Oppenheimer
Type: Movie
Score: 9/10
Date modified: May 16, 2026
I recently rewatched Oppenheimer and it thought it a better time than any to rewrite the 4 words I had on it last time. I think this is a pretty fantastic film. Obviously I knew Christopher Nolan must be good at what he does, he was able to create Interstellar after all, but I didn’t really think of him as one of the bests to ever do it until I watched this.
Much of the first third of Oppenheimer is the weakest the film has. Obviously it has the iconic opening section which hits every time, but it also just feels like it has a lot of fluff (or maybe just stuff I’m too stupid to see the subtext of). I get that you can’t exactly have constant excitement a whole film and Oppenheimer really isn’t that kind of film after all. I really do. However despite much of it being the building blocks of what makes the last act so exciting, I think the blocks could be more well hidden. It’s like you can kind of tell that it’s building towards something but the end goal is so foreign it isn’t very exciting. It’s not massively uninteresting per se but if the film had continued in such a way I certainly wouldn’t have scored it as highly as I have.
The last two thirds however is where the real shit happens. Sound is used really interesting in this film. It wasn’t super noticeable earlier but it’s used in lots of cool ways here that I don’t see in much of the slop I usually watch. The beautiful violin motif throughout that plays throughout is a good example. But also the scene when the nuke finally detonates. Those few seconds of near complete silence before the shock wave makes the impact even better, not to mention the fantastic VFX job on the nuke. They really managed to make it look as powerful as you’d imagine. It’s the same in the scenes of Oppenheimer imagining a nuke dropping detonating at the hall, everything in complete silence with the blinding white and that lady’s face being peeled off as Oppenheimer slowly unravels in real time. It’s so good I’ll forgive them for the jumpscare when the sound suddenly came back at once. I know I’m kind of just listing things at this point but another cool moment before I move on, the way the stomping we’ve heard throughout is coming from the people in that hall.
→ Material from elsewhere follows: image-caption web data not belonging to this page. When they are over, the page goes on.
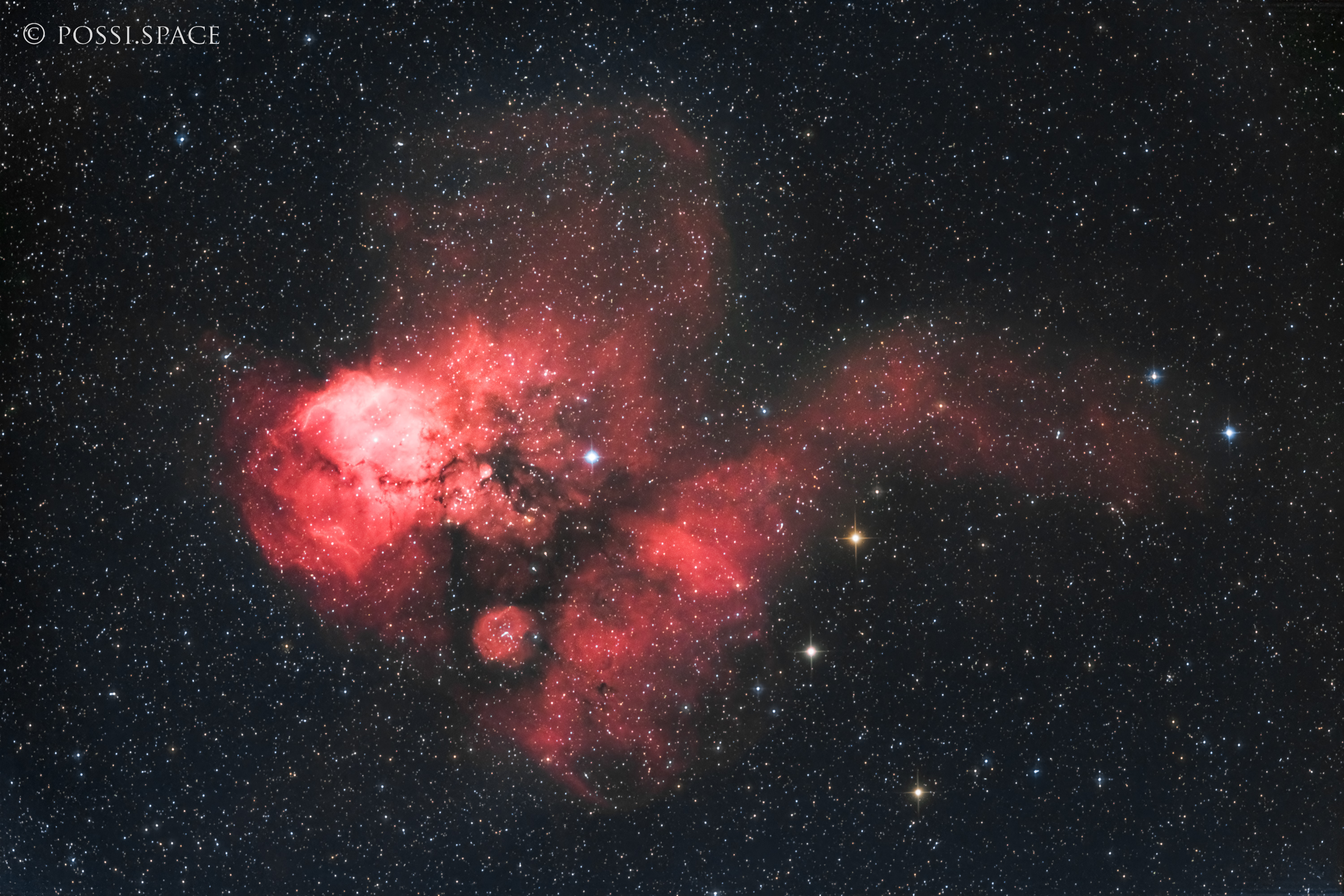 back 230111_ngc2467_scull_and_crossbone_nebula_-_cdk17_reduced_hrgb.jpg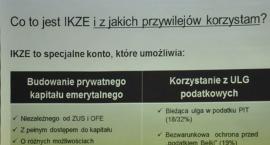 zdjęcie nr 7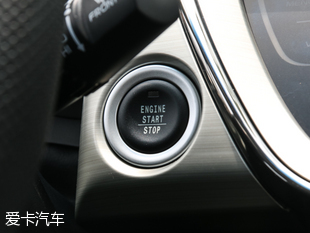 吉利<a href=http://www.arpwindows.com target=_blank class=infotextkey>汽車</a>2016款帝豪GL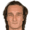 Матей Ханусек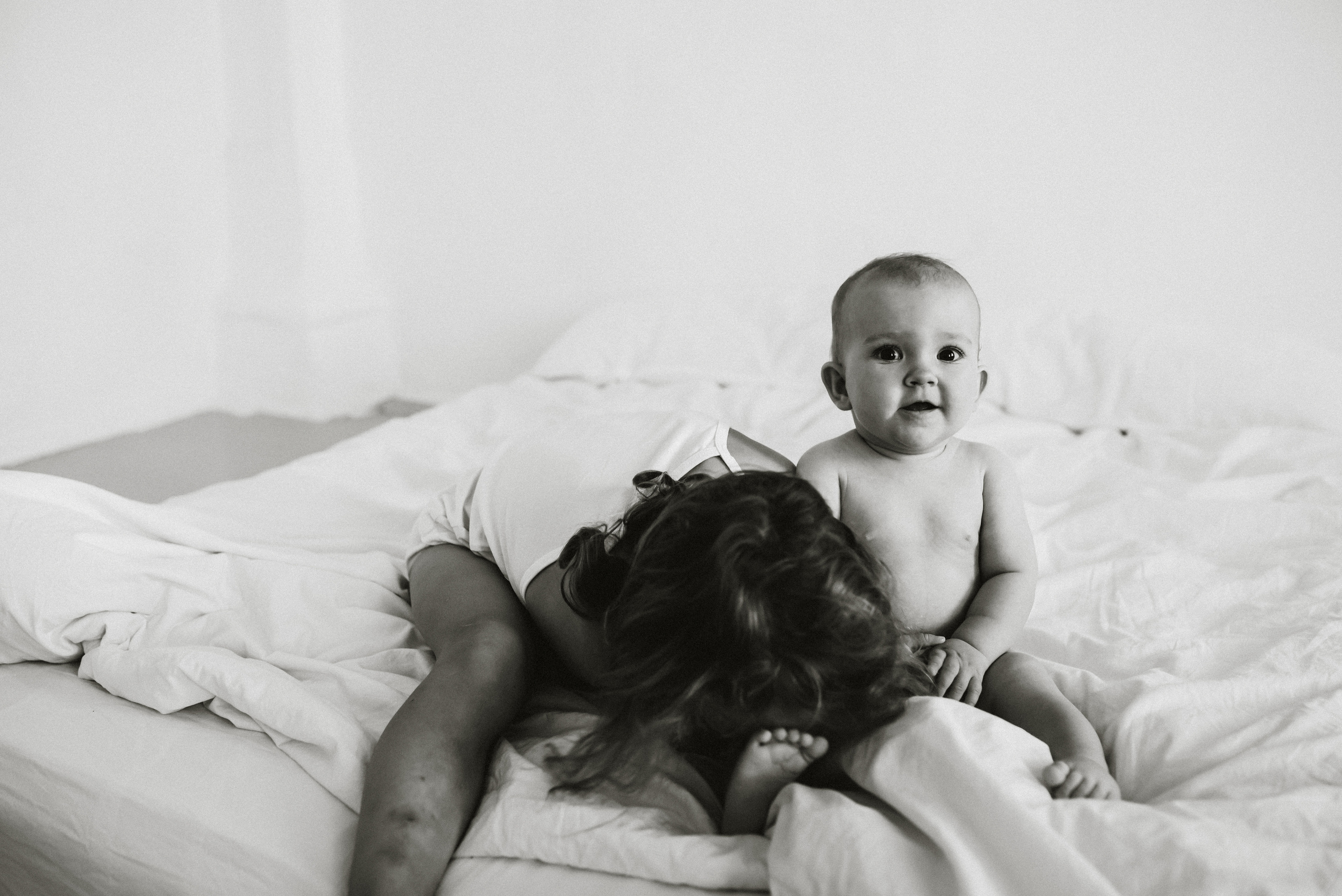 Екатерина. Семейный фотограф в Санкт-Петербурге | Баранова Галина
I can’t say for sure what it means but it certain was a pretty cool callback (and call forward because it keeps happening afterward).
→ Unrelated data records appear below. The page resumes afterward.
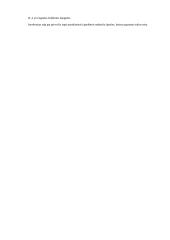 Žmogaus imuninė sistema 8 puslapis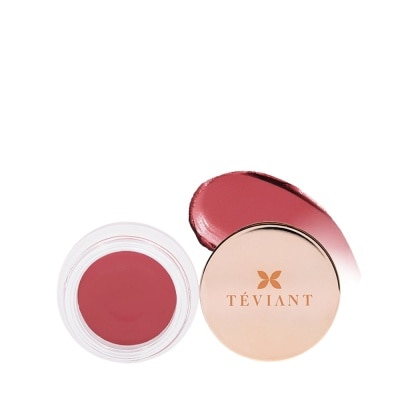 TEVIANT TEVIANT VELVET DROP GARDEN ROSE
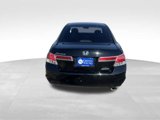 Used 2012 Honda Accord SE image 4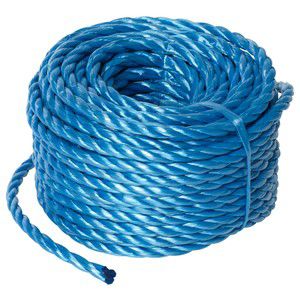 Rep Blått 20m Hall Miba product image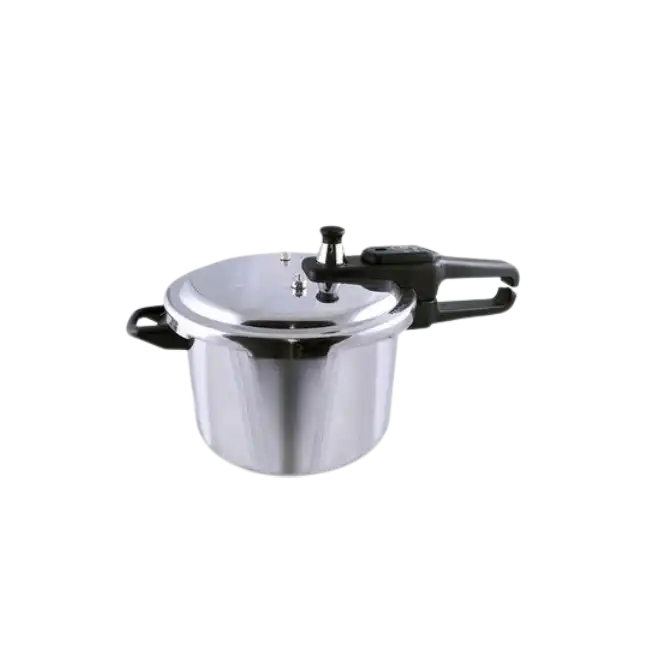 Olla de Presion Black+Decker PC500 5.5 Litros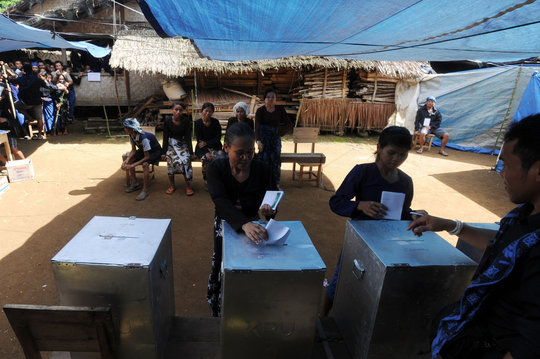 jadi ajang carok di bangkalan rev4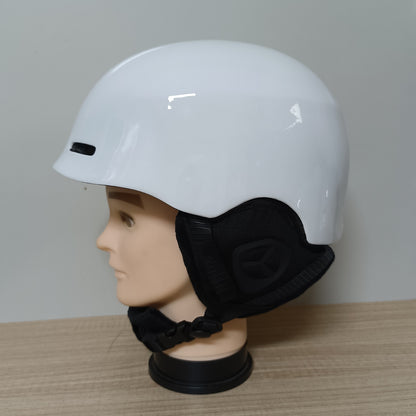 Schutz Skihelm Brehn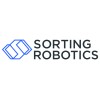 Sorting Robotics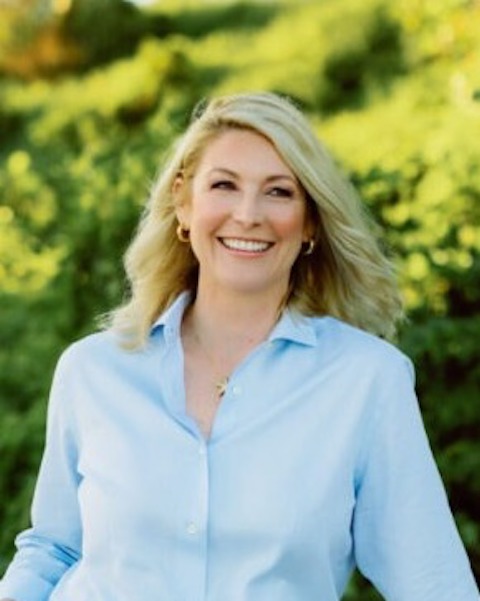 Avatar for Tracy Chacksfield Realtor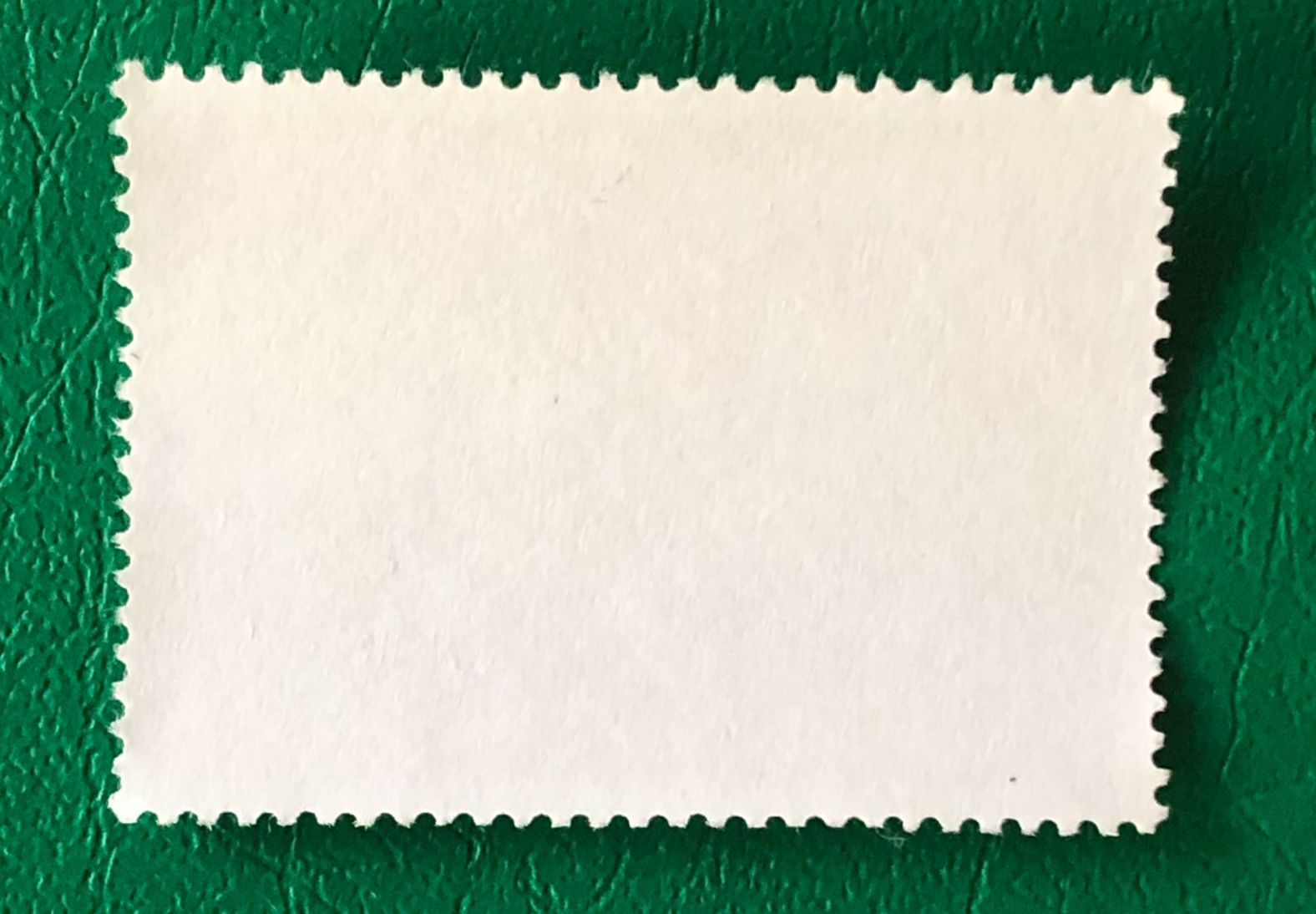 Alle Briefmarken: BRIEFMARKEN AUS  Lettland GESTEMPELT – Gebraucht aus Aarau von Angi-007 1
You’d kind of expect a movie about Oppenheimer to have its climax as the nuking of Hiroshima and Nagasaki but it really wasn’t. I felt the real climax was the conclusion to Oppenheimer’s hearing and Strauss’ bid for a cabinet position. The way we get to see the blinding white light once more during the hearing as Oppenheimer is being berated by Robb really gets across his inner turmoil about the bomb. The overwhelming feeling the scene elicited in me during both watches isn’t something I’ve found in many other films either. There’s also the conclusion to Strauss’ story. To be honest I hadn’t scene him causing Oppenheimer’s downfall coming, maybe I should’ve taken history or something, so I felt pretty personally betrayed to see him on that couch. Because of my weird personal attachment to the betrayal though, to see his downfall was really satisfying. And to follow that up at the end when we find out Oppenheimer and Einstein hadn’t even talked about him was the cherry on the top. The whole ending sequence was incredible too, probably Nolan’s best. The music, the way it finally showed the scene that had been so tantalizingly hidden throughout, the visuals, the bittersweet feeling to it. Just stunning. What a movie. There’s a lot more symbolism throughout that’s really interesting but not what I particularly want to write about here, nor would I be the best at writing something like that. Perhaps just watch the film (though odds are you already have).